Senator Bernie Sanders recently announced that he will be introducing a bill, the “Loan Shark Prevention Act,” that would amend the Truth in Lending Act (15 U.S.C. 1606) (TILA) to establish a “national consumer credit usury rate” that would limit the APR “applicable to any extension of credit” to the lesser of “15 percent on unpaid balances, inclusive of all finance charges” or “the maximum rate permitted by the laws of the State in which the consumer resides” (Sanders Bill).  Representative Alexandria Ocasio-Cortez reportedly will also be introducing the Sanders Bill in the House.
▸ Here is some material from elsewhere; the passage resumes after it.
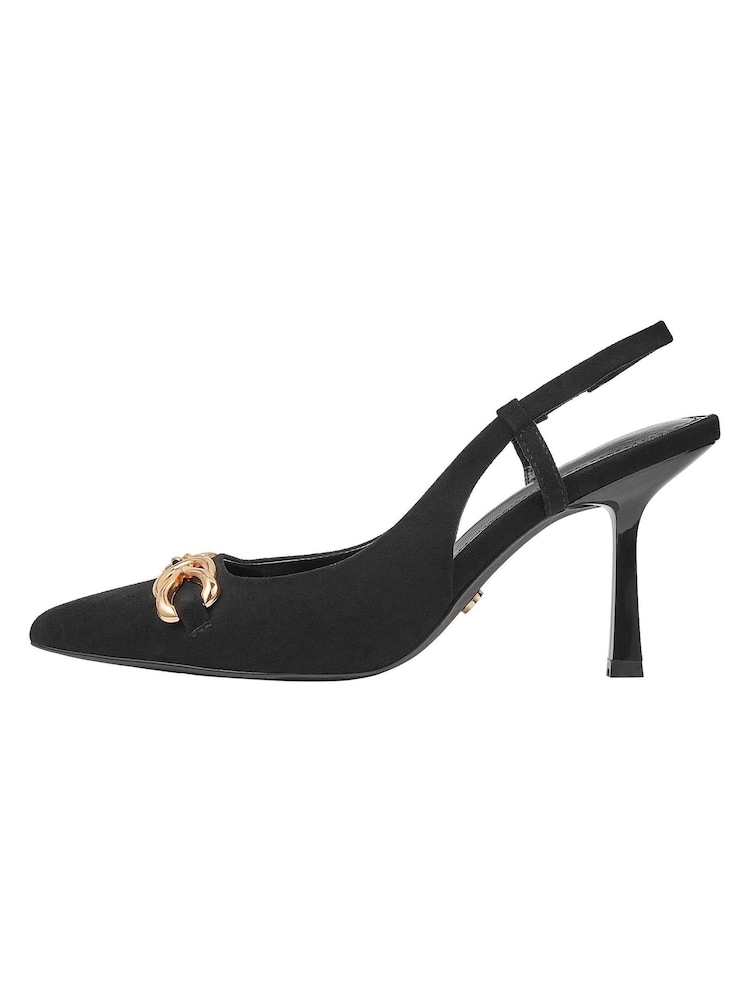 Lipsy Black Regular Fit Faux Suede Mid Heel Trim Slingback Court Shoe - Image 1 of 5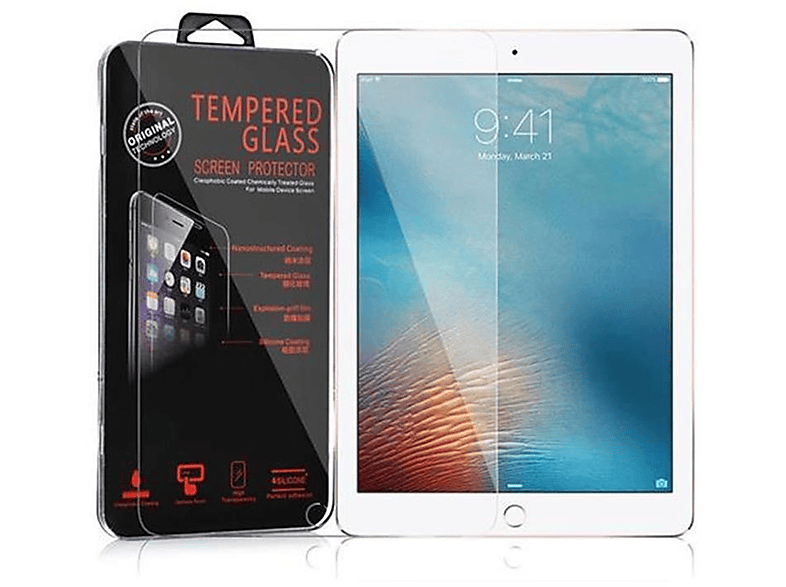 CADORABO Tempered Display Tablet Schutz Folie Display Schutz Folie(für Apple iPad PRO 2018 2017 (9,7 Zoll))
The Sanders Bill would also provide that fees that are not considered finance charges under TILA “may not be used to evade the [rate cap] and the total sum of such fees may not exceed the total amount of finance charges assessed.” Insured credit unions would not be subject to the rate cap.  There is one limited circumstance under which the 15% APR prong may be higher. The Federal Reserve Board “may establish, after consultation with the appropriate committees of Congress, the Secretary of the Treasury, and any other interested Federal financial institutional regulatory agency, an annual percentage rate of interest ceiling exceeding [a 15% APR] for periods of not to exceed 18 months upon a determination that :

  • Money market interest rates have risen over the preceding 6-month period; and
  • Prevailing interest rate levels threaten the safety and soundness of individual lenders, as evidenced by adverse trends in liquidity, capital, earnings, and growth.”

The Sanders Bill would implicitly repeal well-established doctrines under Section 85 of the National Bank Act (enacted in 1864) and its analogue provisions (enacted in 1980) that provide usury authority for other FDIC-insured banks and thrifts. These usury statutes have authorized banks to charge whatever interest rate is authorized under state law to any other lender located in the bank’s home state.  This authority, which is referred to as the “Most Favored Lender” doctrine, has also been interpreted by the U.S. Supreme Court in Marquette National Bank v. First of Omaha Corp., 439 U.S. 299 (1978), and its progeny to authorize banks to “export” throughout the country the interest rate permitted by the law of the state where the bank is located. This additional authority is referred to as the “Exportation” doctrine.

The Sanders’ Bill would implicitly repeal both doctrines which are the linchpin of the country’s robust bank interstate lending programs and have enabled more people to obtain credit than would otherwise be the case.  It would roll back the usury laws to those that existed more than 40 years ago when banks were not engaging in much interstate lending because of such restrictive usury laws.  In place of current law, the bill would substitute for the uniform interest rates that are now used interstate lending programs a patchwork quilt of usury laws and interest rate limits that would vary by state. That change would not only reduce the revenues from such lending programs but also increase the costs, inevitably causing banks to tighten their credit card underwriting standards.

The Sanders Bill is also unclear with respect to the meaning of the term “maximum rate permitted by the laws of the state in which the consumer resides.”  That might reasonably be construed to mean the general usury law of the borrower’s home state.  For borrowers whose home state is Pennsylvania, for example, that general usury rate would be only 6% per annum simple interest even though Pennsylvania law permits banks, credit unions, and consumer finance companies to charge more than 6% to Pennsylvania borrowers on certain types of loans.  If the term is construed to mean the general usury law, practically all lenders, other than credit unions, would be unable to engage profitably in consumer lending and would need to shut down their consumer lending operations.

It seems very unlikely that the Sanders Bill will gain traction in this session of Congress since Republicans control the Senate.  The Sanders Bill seems intended to be a political “talking point” more than a real effort to enact a national consumer usury ceiling.  We can only hope so.